What to produce -
Every line from the one containing "MayaTreasure: Uma Nova" through the end of the listing below goes in the output, exactly and without pictures.

Dataset content -
◇ ◇ ◇ ◇ ◇
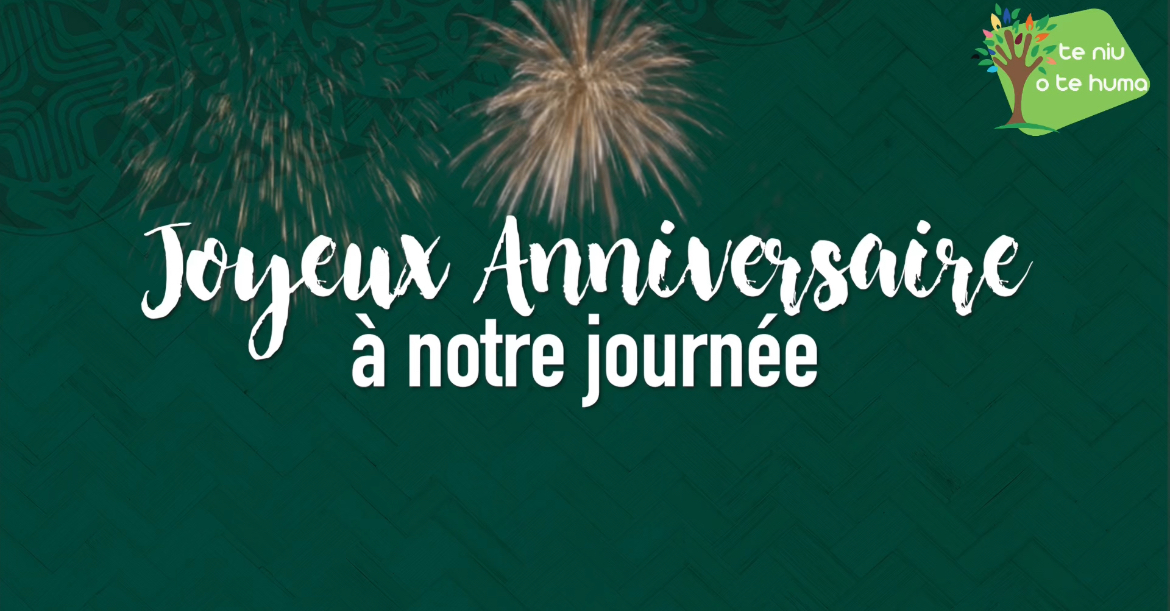 Visuel Joyeux Anniversaire à notre journée internationale du handicap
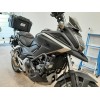 Decoração lateral Honda NC750x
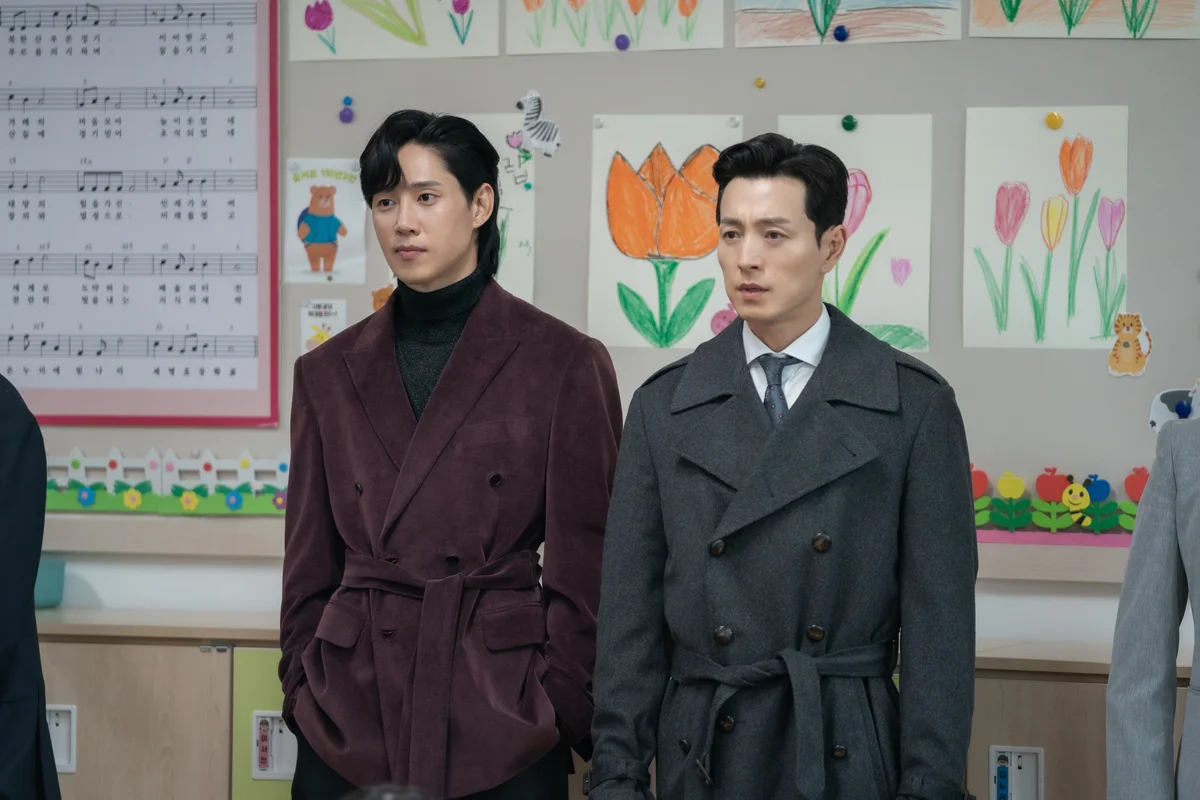 韓国ドラマ　Netflix　『ザ・グローリー 〜輝かしき復讐』チョン・ソンイル
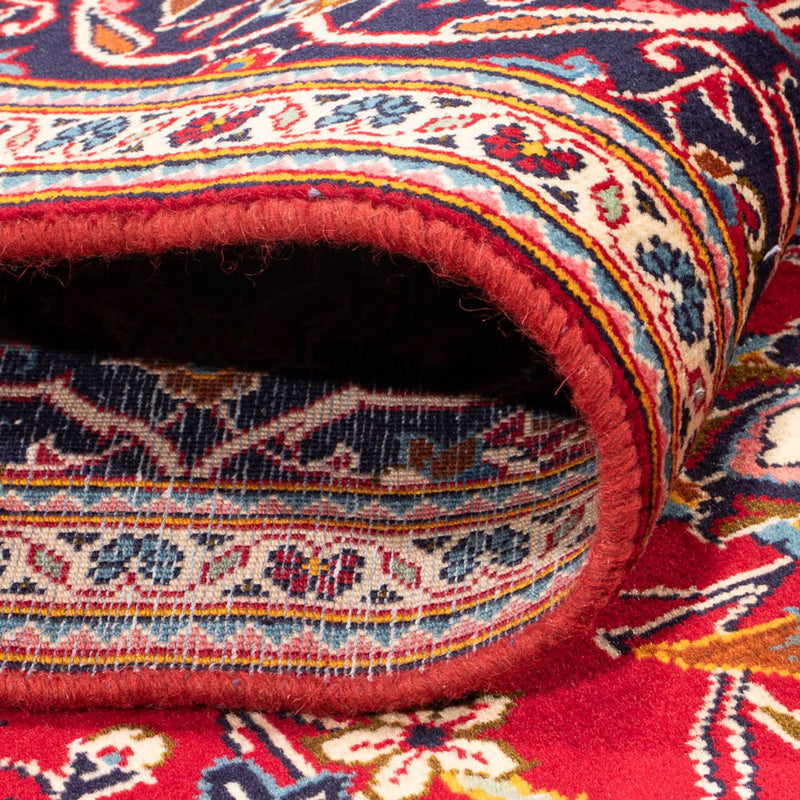 Persiska mattor - Keshan - 288 x 202 cm - röd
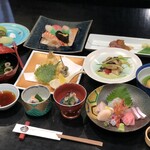 栄寿司 - ８０００円会席料理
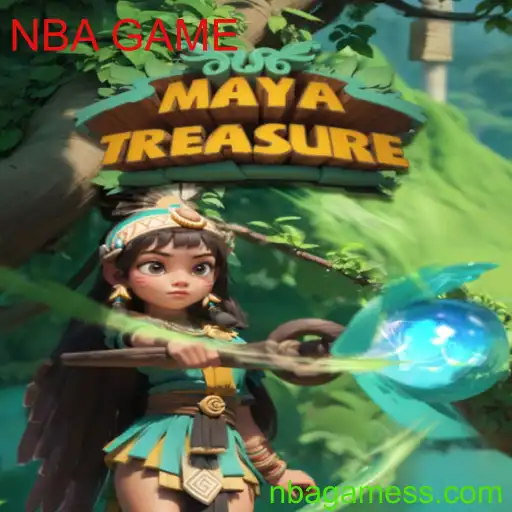 MayaTreasure: Uma Nova Dimensão de Jogos Inspirada pela NBA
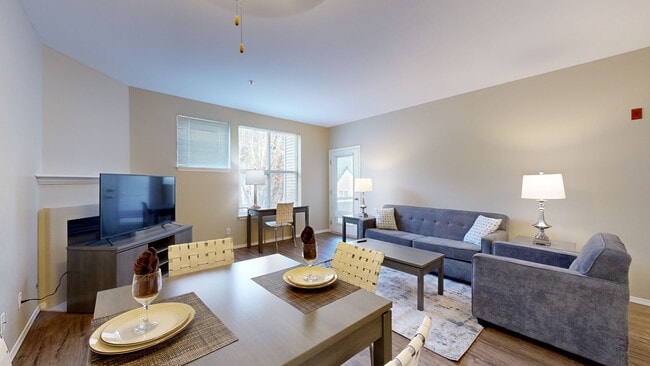 Interior Photo - Hearthstone at Merrill Creek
◇ ◇ ◇ ◇ ◇
Answer section -
 MayaTreasure: Uma Nova Dimensão de Jogos Inspirada pela NBA
 Interior Photo - Hearthstone at Merrill Creek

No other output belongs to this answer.